By Kate Jordan
(TORONTO, ON) – On the one year anniversary of the last coal plant closure in Ontario, the release of the 2013 Air Quality in Ontario report confirms that the province’s air quality has improved significantly over the past 10 years. Levels of pollutants and greenhouse gas pollution continue to decrease. Eliminating coal to generate electricity is equivalent to taking seven million cars off the road.
The report demonstrates that government action, such as eliminating dirty coal power, setting emissions controls at smelters, and mandating emissions trading of nitrogen oxides, is working to reduce greenhouse gas pollution and the airborne pollutants that are harmful to human health and the environment.
“Today’s report confirms that Ontario’s actions have resulted in fewer smog days and cleaner air,” said Glen Murray, Minister of the Environment and Climate Change. “Reducing emissions of greenhouse gas pollution and other harmful pollutants improves our air quality and helps fight climate change.”

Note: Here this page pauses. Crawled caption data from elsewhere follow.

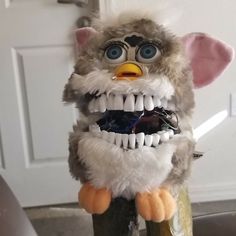 a stuffed animal that is on top of a wooden pole with its mouth wide open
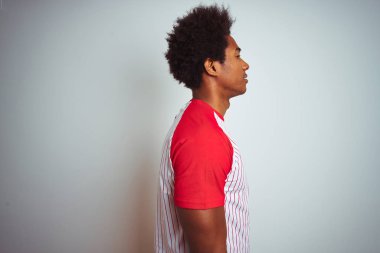 Afro saçlı Afro-Amerikan adam izole beyaz arka plan üzerinde kırmızı çizgili t-shirt giyen yan bakıyor, kendine güvenen gülümseme ile doğal yüzü ile profil poz dinlenmek.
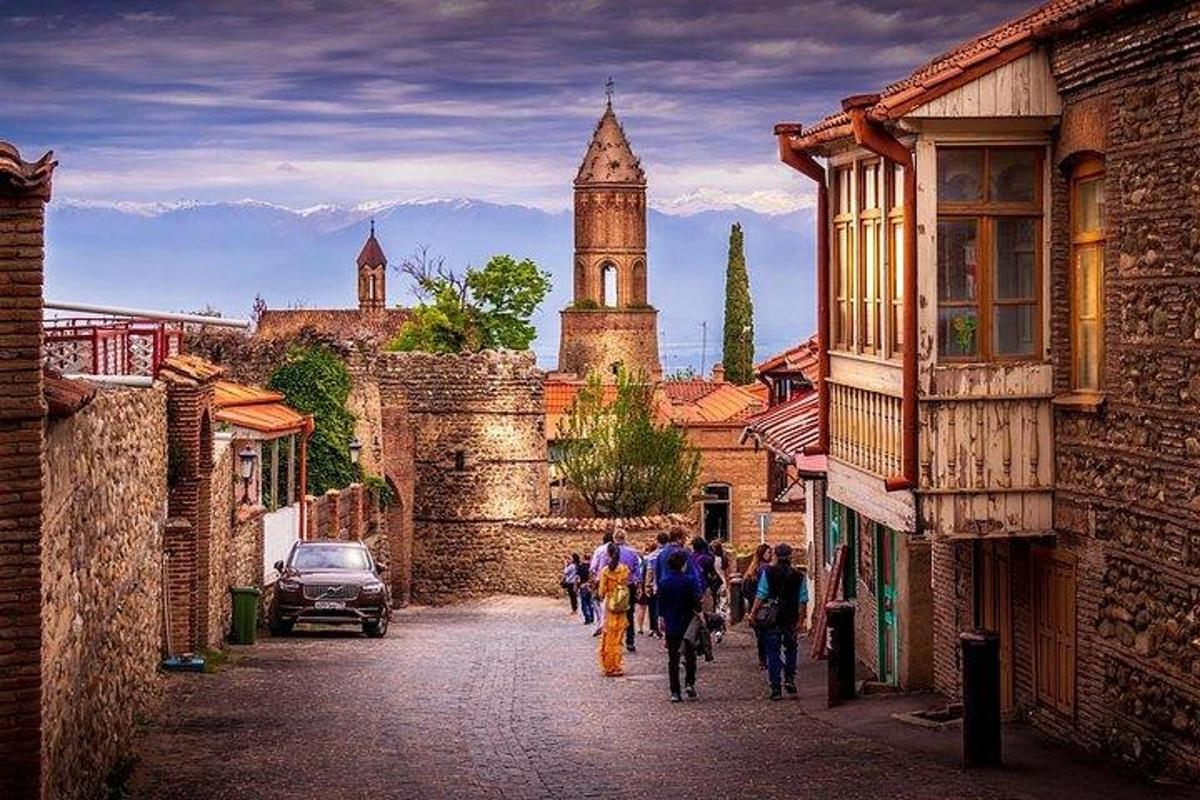 a group of people walking down a street with a clock tower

For the first time in 20 years, no smog advisories were issued due to high levels of ozone in Ontario. Air quality measurements fell into the good or very good category for 94 per cent of the year. Additionally, regular readings from all 40 Air Quality Index Stations across the province met Ontario’s air standards for levels of nitrogen dioxide, carbon monoxide and sulphur dioxide.
Earlier this week, Ontario took another step in the fight against climate change by announcing its intent to join with California, Quebec, and other governments to further protect the air by reducing greenhouse gas pollution through cap and trade.